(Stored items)

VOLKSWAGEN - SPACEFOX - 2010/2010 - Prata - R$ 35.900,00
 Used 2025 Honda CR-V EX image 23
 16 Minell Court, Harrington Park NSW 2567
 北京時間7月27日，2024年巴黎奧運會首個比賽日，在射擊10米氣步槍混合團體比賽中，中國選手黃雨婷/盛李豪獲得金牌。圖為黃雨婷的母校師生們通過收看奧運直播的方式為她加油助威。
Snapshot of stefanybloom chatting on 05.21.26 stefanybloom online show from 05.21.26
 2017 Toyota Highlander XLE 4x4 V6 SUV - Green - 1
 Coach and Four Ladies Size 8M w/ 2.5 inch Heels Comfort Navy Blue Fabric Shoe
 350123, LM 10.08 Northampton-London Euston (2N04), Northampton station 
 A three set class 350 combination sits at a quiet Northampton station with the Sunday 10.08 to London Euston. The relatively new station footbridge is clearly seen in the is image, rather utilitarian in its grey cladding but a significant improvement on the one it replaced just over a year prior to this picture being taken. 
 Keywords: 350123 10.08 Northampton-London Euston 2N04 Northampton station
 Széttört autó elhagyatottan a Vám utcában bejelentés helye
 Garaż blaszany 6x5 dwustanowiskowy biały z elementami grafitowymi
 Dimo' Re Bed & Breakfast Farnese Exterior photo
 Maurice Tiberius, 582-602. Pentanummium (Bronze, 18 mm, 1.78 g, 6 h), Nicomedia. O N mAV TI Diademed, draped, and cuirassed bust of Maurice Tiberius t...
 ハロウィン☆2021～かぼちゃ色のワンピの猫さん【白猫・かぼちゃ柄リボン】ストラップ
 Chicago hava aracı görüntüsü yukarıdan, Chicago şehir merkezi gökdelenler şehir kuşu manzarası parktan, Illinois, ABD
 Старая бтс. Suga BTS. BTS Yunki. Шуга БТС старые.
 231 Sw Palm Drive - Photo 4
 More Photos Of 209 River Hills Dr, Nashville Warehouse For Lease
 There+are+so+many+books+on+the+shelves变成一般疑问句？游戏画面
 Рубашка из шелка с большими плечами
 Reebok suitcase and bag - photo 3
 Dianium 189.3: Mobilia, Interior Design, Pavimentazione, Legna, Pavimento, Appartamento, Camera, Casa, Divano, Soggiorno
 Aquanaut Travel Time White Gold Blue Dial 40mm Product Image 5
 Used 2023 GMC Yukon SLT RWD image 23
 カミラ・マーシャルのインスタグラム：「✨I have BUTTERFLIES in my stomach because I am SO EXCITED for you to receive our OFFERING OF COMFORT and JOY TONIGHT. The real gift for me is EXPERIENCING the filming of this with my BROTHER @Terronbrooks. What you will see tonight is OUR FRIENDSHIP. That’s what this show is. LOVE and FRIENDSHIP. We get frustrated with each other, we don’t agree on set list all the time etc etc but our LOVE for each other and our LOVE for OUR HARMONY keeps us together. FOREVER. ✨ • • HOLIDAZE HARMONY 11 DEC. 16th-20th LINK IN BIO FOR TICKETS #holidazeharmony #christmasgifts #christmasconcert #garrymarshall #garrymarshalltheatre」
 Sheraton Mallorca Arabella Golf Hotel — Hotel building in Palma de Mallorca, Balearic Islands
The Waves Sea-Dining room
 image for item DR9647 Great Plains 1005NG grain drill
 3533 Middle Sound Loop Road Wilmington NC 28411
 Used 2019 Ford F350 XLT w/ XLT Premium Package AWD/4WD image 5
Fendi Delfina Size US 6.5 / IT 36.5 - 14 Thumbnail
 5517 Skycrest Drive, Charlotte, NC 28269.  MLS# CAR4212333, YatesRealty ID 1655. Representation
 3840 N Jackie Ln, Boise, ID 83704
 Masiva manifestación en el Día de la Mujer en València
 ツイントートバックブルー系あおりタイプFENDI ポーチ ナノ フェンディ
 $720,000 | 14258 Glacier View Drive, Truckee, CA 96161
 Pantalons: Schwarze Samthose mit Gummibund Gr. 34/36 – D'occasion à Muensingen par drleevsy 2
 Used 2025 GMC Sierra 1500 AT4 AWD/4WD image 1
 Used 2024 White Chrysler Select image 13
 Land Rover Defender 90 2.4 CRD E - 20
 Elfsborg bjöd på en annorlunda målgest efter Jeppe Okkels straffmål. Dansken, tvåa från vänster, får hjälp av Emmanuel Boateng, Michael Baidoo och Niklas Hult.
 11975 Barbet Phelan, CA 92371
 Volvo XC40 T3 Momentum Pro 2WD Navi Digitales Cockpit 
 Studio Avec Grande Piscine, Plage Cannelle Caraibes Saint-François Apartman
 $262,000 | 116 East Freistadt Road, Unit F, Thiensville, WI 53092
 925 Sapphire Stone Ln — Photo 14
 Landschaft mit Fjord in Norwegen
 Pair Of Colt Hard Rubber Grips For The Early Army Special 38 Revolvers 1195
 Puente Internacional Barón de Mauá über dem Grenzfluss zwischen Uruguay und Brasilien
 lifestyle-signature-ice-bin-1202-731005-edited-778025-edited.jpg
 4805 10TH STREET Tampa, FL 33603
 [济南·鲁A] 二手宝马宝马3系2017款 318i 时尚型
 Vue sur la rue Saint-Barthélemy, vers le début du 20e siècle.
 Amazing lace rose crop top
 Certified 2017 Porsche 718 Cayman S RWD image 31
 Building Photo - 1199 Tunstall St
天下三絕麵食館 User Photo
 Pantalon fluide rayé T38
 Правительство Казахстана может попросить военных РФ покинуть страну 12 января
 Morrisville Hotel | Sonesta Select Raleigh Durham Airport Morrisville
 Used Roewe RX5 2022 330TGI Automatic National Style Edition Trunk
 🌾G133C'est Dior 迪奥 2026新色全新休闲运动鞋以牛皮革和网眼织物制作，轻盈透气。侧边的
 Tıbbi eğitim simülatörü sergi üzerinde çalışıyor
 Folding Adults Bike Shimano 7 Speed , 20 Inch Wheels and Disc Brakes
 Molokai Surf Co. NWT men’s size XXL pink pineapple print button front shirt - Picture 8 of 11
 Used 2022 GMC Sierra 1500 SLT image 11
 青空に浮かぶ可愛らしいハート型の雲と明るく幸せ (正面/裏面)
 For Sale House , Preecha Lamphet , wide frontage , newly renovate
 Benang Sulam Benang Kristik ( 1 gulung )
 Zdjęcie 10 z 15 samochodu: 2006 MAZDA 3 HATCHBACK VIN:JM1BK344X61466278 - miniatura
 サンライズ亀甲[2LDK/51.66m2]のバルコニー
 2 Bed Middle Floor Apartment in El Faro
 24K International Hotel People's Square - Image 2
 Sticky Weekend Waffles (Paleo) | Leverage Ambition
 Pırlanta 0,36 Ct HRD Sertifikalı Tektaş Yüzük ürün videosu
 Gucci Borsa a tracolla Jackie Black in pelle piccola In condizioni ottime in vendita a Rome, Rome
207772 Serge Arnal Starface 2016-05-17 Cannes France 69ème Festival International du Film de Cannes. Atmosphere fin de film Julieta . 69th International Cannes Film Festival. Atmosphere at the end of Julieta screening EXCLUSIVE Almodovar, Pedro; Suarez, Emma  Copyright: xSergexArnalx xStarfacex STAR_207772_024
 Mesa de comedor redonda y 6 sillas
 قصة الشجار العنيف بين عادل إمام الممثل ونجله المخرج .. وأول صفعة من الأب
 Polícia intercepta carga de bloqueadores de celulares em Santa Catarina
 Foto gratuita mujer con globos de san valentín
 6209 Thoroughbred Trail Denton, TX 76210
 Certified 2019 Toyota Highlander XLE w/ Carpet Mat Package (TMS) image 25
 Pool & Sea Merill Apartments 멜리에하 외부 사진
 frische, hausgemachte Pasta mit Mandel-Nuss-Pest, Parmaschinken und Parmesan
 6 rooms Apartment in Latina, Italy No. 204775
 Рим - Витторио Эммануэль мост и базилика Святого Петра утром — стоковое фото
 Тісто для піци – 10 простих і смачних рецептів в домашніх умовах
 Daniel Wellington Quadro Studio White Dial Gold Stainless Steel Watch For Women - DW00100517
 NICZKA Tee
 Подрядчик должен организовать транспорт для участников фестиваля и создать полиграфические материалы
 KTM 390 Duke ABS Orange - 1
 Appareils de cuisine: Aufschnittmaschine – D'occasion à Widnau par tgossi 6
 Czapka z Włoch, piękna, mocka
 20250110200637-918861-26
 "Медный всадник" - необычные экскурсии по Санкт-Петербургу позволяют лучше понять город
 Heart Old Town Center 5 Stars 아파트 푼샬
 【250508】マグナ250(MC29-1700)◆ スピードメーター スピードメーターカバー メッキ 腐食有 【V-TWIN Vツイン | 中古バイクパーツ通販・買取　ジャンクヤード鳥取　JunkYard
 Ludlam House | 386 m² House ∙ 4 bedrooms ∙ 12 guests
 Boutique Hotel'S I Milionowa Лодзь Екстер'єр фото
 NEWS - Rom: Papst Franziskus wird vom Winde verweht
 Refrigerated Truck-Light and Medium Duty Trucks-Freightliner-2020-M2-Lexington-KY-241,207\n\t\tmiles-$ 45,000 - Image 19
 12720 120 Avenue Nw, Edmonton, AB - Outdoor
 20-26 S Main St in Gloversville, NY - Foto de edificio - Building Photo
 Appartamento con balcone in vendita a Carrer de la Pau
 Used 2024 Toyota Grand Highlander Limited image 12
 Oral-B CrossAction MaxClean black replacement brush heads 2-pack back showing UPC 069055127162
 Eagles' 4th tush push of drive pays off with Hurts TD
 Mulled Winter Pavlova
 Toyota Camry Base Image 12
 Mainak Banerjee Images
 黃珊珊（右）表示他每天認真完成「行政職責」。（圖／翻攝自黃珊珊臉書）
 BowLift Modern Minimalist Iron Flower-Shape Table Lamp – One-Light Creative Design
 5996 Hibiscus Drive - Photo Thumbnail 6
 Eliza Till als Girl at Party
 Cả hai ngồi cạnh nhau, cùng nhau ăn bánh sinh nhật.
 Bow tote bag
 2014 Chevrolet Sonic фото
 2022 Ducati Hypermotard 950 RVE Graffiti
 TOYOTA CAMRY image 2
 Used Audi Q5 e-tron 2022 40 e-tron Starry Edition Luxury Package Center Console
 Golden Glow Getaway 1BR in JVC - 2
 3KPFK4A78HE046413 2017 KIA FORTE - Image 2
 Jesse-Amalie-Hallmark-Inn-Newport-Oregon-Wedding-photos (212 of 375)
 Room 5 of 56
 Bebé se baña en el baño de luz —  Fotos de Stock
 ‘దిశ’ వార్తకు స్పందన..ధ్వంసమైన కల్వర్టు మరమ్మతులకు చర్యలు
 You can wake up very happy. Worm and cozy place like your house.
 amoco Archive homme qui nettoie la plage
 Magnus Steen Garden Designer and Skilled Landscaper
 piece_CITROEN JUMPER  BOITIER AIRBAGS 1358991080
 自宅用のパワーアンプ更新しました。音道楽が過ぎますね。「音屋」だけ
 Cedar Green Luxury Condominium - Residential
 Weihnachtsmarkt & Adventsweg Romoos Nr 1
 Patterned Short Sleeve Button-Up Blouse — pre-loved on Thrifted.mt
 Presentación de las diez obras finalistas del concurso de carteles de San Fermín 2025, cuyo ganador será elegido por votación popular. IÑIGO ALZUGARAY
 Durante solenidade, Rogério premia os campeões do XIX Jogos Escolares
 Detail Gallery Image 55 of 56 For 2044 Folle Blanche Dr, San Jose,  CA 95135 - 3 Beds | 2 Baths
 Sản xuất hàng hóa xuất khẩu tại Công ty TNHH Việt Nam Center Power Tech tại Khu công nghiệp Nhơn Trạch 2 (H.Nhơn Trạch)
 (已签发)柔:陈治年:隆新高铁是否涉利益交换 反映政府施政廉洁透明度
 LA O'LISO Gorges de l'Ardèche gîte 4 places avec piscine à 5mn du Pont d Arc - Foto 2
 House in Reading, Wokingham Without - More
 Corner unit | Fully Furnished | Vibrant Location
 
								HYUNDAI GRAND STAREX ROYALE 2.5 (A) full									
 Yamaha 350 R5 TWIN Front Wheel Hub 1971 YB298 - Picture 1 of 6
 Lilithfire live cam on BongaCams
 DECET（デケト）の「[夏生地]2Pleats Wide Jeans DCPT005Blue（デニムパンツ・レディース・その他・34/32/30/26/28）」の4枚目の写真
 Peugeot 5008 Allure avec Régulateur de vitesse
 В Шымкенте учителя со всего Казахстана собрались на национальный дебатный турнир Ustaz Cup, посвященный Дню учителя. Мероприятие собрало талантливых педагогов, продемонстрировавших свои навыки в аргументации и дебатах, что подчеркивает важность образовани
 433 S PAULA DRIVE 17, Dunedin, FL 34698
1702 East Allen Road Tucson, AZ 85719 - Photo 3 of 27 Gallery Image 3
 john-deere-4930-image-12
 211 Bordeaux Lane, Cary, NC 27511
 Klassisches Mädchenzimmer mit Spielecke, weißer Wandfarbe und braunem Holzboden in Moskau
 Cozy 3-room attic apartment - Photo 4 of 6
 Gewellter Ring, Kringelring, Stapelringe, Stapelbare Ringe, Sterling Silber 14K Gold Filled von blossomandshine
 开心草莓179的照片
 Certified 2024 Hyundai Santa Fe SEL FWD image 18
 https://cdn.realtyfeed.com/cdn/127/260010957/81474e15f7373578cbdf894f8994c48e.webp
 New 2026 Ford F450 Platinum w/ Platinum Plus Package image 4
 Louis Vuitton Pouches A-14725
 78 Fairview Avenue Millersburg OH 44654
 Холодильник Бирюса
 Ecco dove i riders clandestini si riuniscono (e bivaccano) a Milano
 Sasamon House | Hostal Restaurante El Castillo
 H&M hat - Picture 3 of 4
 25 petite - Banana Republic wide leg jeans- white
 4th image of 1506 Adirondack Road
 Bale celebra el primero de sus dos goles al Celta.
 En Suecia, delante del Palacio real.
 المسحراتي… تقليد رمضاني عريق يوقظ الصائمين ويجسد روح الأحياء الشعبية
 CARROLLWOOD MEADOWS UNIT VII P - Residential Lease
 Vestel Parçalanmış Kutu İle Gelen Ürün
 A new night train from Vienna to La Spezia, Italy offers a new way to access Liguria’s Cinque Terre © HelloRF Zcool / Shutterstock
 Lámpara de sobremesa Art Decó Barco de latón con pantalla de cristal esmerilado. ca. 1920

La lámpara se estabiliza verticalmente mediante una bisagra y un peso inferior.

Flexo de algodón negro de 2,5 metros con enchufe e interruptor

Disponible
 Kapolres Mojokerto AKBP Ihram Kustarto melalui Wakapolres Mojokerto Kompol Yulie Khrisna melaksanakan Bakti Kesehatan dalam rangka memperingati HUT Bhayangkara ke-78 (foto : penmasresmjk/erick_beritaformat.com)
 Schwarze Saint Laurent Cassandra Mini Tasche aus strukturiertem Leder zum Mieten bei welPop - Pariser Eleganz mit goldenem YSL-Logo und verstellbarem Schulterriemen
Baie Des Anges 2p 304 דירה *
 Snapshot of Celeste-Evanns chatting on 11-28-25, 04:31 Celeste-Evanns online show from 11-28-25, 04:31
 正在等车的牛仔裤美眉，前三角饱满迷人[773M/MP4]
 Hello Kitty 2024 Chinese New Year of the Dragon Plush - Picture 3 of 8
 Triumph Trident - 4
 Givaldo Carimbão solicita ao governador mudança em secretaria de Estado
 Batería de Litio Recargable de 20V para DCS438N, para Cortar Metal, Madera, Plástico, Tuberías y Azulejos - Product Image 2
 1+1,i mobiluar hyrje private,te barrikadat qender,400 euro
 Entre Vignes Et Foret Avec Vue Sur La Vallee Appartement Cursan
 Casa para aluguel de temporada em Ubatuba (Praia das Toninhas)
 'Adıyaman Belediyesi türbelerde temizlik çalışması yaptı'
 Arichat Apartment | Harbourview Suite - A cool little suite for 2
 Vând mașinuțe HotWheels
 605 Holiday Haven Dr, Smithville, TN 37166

DIRECTIONS:
Write down again, exactly as given, only the lines above that fall from the line with "5517 Skycrest Drive, Charlotte, NC" to the line with "Pair Of Colt", inclusive.

ANSWER TO THIS PROBLEM:
 5517 Skycrest Drive, Charlotte, NC 28269.  MLS# CAR4212333, YatesRealty ID 1655. Representation
 3840 N Jackie Ln, Boise, ID 83704
 Masiva manifestación en el Día de la Mujer en València
 ツイントートバックブルー系あおりタイプFENDI ポーチ ナノ フェンディ
 $720,000 | 14258 Glacier View Drive, Truckee, CA 96161
 Pantalons: Schwarze Samthose mit Gummibund Gr. 34/36 – D'occasion à Muensingen par drleevsy 2
 Used 2025 GMC Sierra 1500 AT4 AWD/4WD image 1
 Used 2024 White Chrysler Select image 13
 Land Rover Defender 90 2.4 CRD E - 20
 Elfsborg bjöd på en annorlunda målgest efter Jeppe Okkels straffmål. Dansken, tvåa från vänster, får hjälp av Emmanuel Boateng, Michael Baidoo och Niklas Hult.
 11975 Barbet Phelan, CA 92371
 Volvo XC40 T3 Momentum Pro 2WD Navi Digitales Cockpit 
 Studio Avec Grande Piscine, Plage Cannelle Caraibes Saint-François Apartman
 $262,000 | 116 East Freistadt Road, Unit F, Thiensville, WI 53092
 925 Sapphire Stone Ln — Photo 14
 Landschaft mit Fjord in Norwegen
 Pair Of Colt Hard Rubber Grips For The Early Army Special 38 Revolvers 1195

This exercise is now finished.